Science explains all the phenomena that have been mentioned, including birds' homing and migration. No need to invent imaginary things unless you believe in ghosts or fairies.
How can the currently existing science explain my so far 100% success rate? I really tried to prove the stuff wrong but failed. I have a scientific background and did my best. Eventually gave up. Try for yourself to prove that it is nonsense, I wish you luck, just do not criticise blind.

I do not question the fact that you do not believe in it, but here we are in the realms of religion ("believe" is the leading word and you used it, not me). Try a scientific approach, not 'believe'. I will gladly stand corrected by evidence, 'believe' does not cut it.

Science is a fickle thing. It says that masks are crap, then that they will save all of us from immediate mass death. Follow the science....
 
I rest my case ....
I remember many years ago sailing on a round patrol from Lowestoft to the Dutch coast (for afternoon tea) and back. halfway over a flock of racing pigeons decided to take a rest on our flying bridge, when we got a few miles from the Dutch coast, most had flown off towards the Netherlands but a half dozen stayed sheltering, tucked behind the weather guard. from where they were, all they could see was grey walls and some sky, from my station at the chart table, I could see them on the flying bridge as there was a small eye level window which was at deck level where they were. I mentioned this built in compass thing to my commander who said 'OK, let's test this - let's box the compass!' so for the next fifteen minutes or so we slowly described a pirrouette pointing our nose at each compass position, at first, the pigeons got very agitated, but then settled down and just kept shuffling around - always pointing towards the Durch coast. when we finally set sail again for Blighty, one by one, the pigeons took off in the direction of Holland....apart from one which stayed on board all the way back to Lowestoft whe (quite wisely) it decided that to start the long slog back to Holland was the most attractive option
 
I started tracing each and every place where a swarm hang on a tree or landed on the ground. For the last 3 years I tested 50 places or more. Regrettably, I am yet to find even one place where my sticks would not indicate at least two of these 'energy lines or whatever' crossing.

The problem with that after-the-fact approach is that dowsing sticks reflect information that the user already knows. If you are testing for swarm sites using places you already know swarms have landed, your mind will, I suspect, subconsciously make your hands twitch the rods on those locations.

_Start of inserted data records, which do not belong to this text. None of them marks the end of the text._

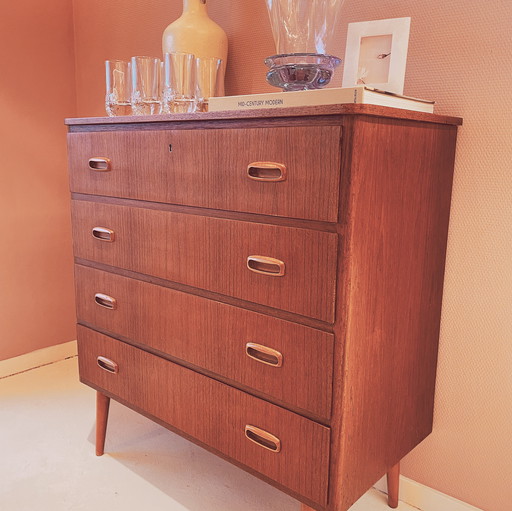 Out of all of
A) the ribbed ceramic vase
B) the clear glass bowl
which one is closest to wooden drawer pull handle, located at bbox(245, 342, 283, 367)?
the clear glass bowl

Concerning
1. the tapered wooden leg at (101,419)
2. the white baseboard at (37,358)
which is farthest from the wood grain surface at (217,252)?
the white baseboard at (37,358)

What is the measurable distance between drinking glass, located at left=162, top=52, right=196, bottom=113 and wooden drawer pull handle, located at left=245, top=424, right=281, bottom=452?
848mm

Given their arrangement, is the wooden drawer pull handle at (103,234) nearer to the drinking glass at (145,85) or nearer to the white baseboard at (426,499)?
the drinking glass at (145,85)

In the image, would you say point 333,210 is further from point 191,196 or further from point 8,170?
point 8,170

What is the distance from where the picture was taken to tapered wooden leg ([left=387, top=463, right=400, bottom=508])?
147 centimetres

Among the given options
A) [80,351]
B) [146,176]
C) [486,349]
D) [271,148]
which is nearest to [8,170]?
[80,351]

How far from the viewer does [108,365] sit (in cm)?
159

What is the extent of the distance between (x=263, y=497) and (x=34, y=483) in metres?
0.69

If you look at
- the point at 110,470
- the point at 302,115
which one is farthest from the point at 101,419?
the point at 302,115

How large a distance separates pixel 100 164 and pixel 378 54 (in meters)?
0.78

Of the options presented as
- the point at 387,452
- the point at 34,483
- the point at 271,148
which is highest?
the point at 271,148

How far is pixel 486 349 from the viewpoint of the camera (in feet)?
4.41

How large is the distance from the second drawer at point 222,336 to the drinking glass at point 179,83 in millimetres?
492

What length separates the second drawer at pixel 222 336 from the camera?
110 centimetres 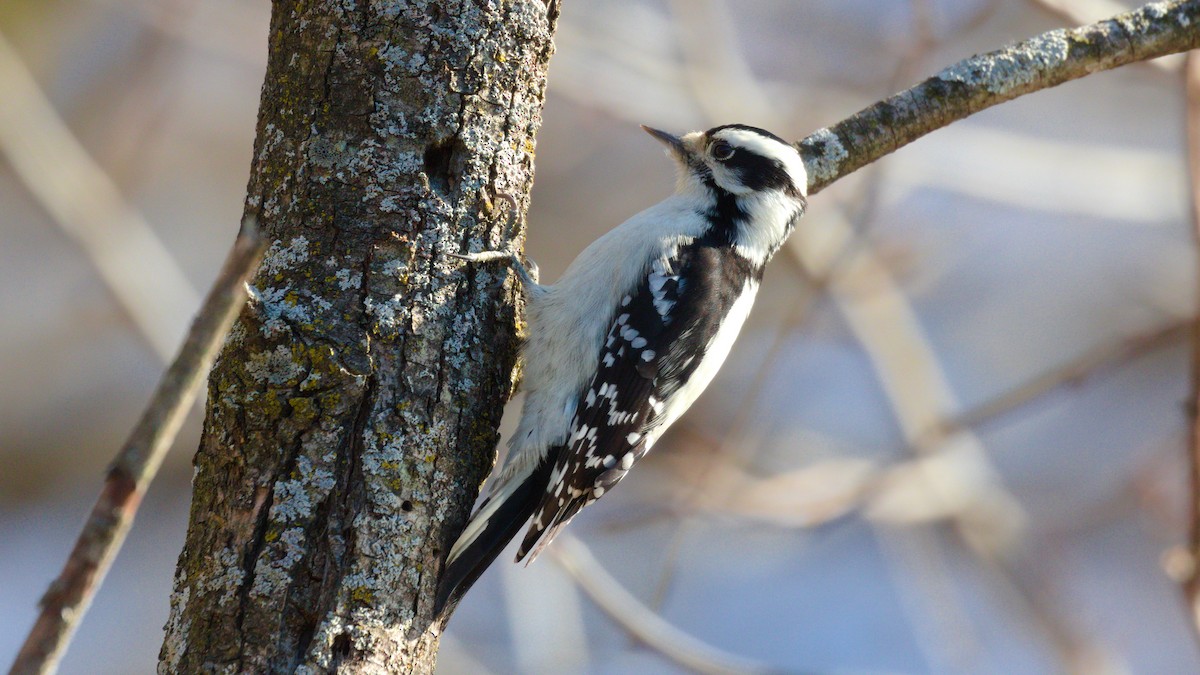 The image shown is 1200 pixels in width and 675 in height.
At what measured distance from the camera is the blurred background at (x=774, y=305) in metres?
5.56

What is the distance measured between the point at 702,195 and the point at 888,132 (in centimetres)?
102

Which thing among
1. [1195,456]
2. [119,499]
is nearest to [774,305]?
[1195,456]

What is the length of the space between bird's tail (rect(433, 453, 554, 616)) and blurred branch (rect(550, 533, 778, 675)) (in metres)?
0.37

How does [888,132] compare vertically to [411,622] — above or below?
above

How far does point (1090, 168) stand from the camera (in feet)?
21.9

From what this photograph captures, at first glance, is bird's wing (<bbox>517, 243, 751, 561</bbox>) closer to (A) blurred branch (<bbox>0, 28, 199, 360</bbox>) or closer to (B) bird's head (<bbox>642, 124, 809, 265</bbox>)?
(B) bird's head (<bbox>642, 124, 809, 265</bbox>)

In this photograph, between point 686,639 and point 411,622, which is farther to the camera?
point 686,639

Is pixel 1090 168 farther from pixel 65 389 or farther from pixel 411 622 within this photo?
pixel 65 389

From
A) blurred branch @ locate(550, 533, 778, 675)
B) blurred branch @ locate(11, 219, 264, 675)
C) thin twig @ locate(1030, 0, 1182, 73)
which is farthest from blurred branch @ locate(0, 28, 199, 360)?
blurred branch @ locate(11, 219, 264, 675)

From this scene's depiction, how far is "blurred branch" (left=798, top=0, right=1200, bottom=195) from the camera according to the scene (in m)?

If you were using dowsing to identify locations where bees WOULD land in future, and then they did, that would be scientifically interesting (though still very subjective, as it could simply be that your beekeeper brain knows that a location would be attractive for a swarm).

As for the honey crop, in the absence of a multi-year randomised trial that's just confirmation bias I am afraid. If you had put half your hives on "bad" energy locations, and half on "good", and there had been a noticable difference in crops over several years, now THAT would be worth talking about.